● TASK STATEMENT: From the line with "this 300×275 image." down to the final line of the material, please transcribe everything exactly, but leave the pictures out.

┌─ ENTRIES PROVIDED

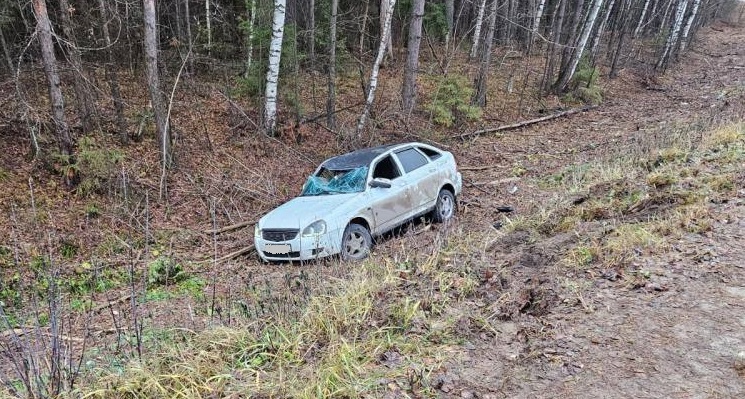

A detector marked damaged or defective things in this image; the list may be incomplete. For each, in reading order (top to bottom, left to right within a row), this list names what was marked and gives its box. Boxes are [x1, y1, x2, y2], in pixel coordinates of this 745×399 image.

damaged roof [320, 144, 402, 170]
crushed windshield [300, 166, 368, 196]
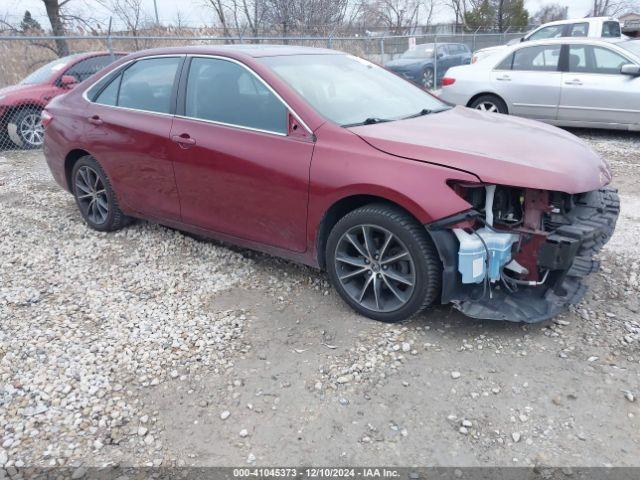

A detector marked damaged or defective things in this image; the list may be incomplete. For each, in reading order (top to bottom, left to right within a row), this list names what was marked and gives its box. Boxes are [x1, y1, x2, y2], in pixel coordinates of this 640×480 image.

damaged front end of car [428, 184, 616, 322]
broken bumper cover [428, 187, 616, 322]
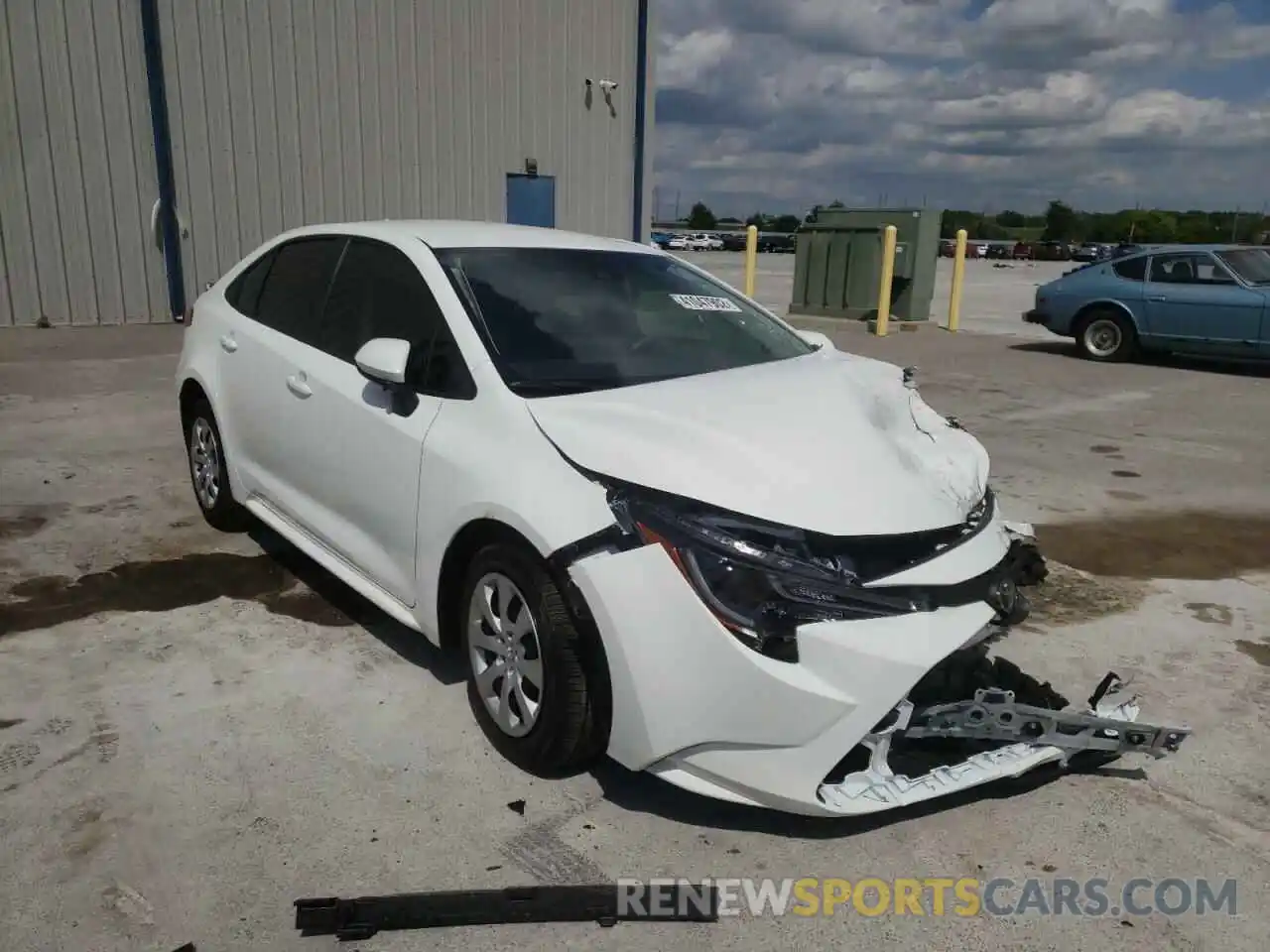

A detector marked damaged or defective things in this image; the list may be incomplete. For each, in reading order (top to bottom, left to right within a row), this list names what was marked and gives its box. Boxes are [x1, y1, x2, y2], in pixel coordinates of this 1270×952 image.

damaged white car [174, 222, 1183, 822]
dented hood [525, 350, 990, 537]
crumpled front bumper [572, 510, 1183, 817]
detached bumper reinforcement bar [904, 690, 1189, 756]
detached bumper reinforcement bar [292, 883, 721, 944]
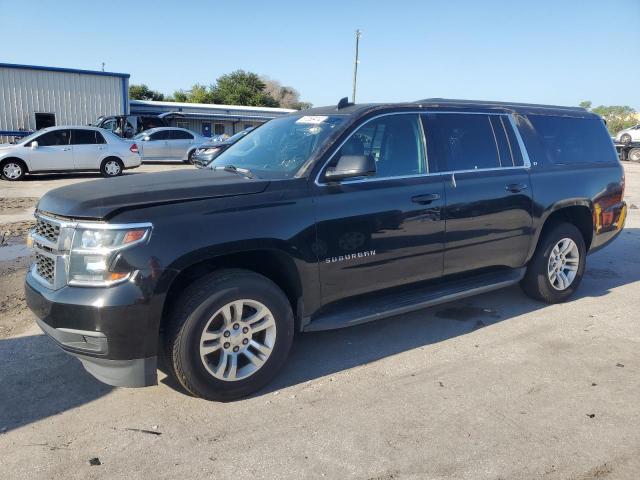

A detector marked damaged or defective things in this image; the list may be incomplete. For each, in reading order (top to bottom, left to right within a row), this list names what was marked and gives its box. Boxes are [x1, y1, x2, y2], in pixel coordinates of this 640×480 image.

damaged hood [38, 168, 270, 218]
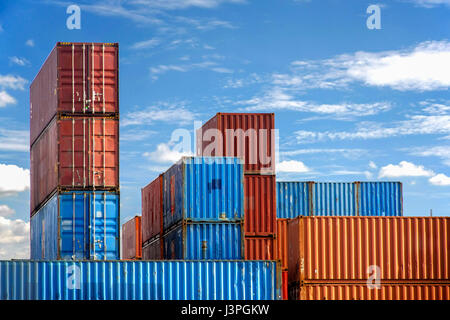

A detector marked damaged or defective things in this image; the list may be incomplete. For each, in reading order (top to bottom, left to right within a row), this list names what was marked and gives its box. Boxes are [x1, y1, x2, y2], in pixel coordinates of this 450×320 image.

rusty container [29, 42, 119, 146]
rusty container [30, 114, 120, 215]
rusty container [196, 113, 274, 174]
rust stain on container [196, 113, 274, 174]
rusty container [121, 215, 141, 260]
rust stain on container [121, 215, 141, 260]
rust stain on container [142, 175, 163, 242]
rusty container [142, 174, 163, 244]
rusty container [244, 174, 276, 236]
rust stain on container [244, 175, 276, 235]
rusty container [288, 216, 450, 284]
rust stain on container [288, 218, 450, 282]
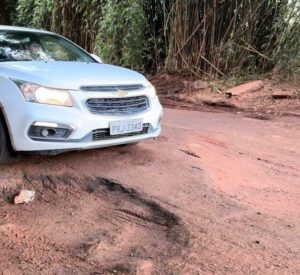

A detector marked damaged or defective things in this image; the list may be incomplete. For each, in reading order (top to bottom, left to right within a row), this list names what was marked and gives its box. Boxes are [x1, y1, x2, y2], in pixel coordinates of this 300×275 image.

damaged dirt road [0, 109, 300, 274]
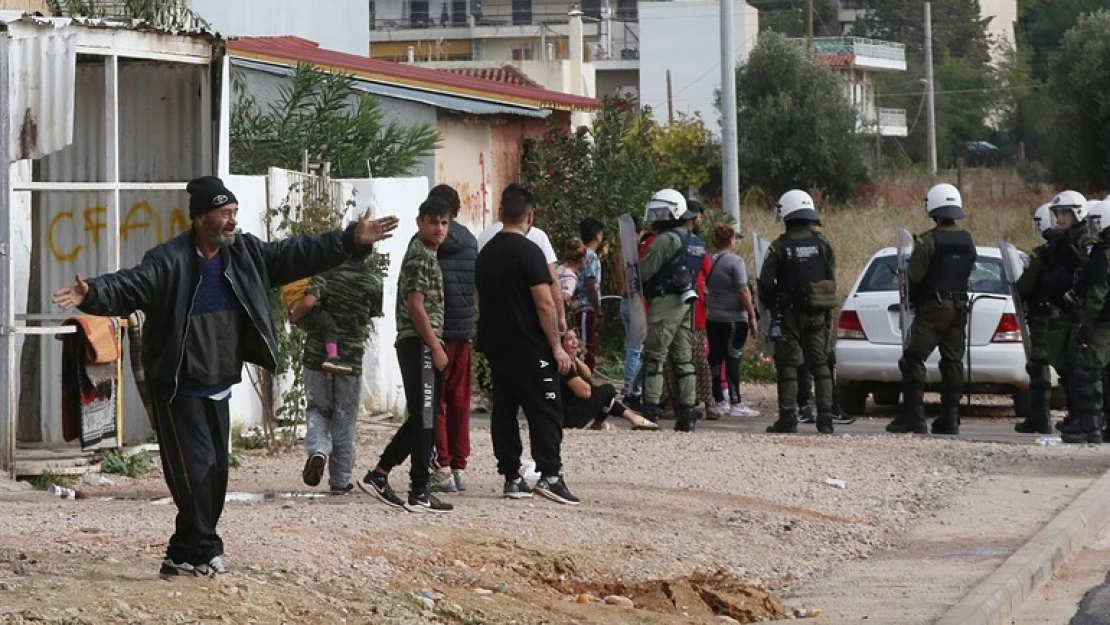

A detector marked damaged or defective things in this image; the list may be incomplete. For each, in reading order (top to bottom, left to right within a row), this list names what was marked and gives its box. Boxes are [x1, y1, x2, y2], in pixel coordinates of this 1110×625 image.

└─

● RESULT OF THIS TASK:
A detector marked damaged or defective things in this image; the list may be incomplete. For each, in reading order (top to bottom, left to right within a row), this list names what was marked and gives its box. Boxes are [x1, y1, x2, y2], in pixel coordinates of this 300×275 image.

damaged dirt road [0, 109, 300, 274]

A detector marked damaged or defective things in this image; the list may be incomplete. For each, in reading order (top to bottom, left to right within a row), this list names what was marked and gives its box. Boxes are [x1, y1, x2, y2], in pixel coordinates of this 1110×625 image.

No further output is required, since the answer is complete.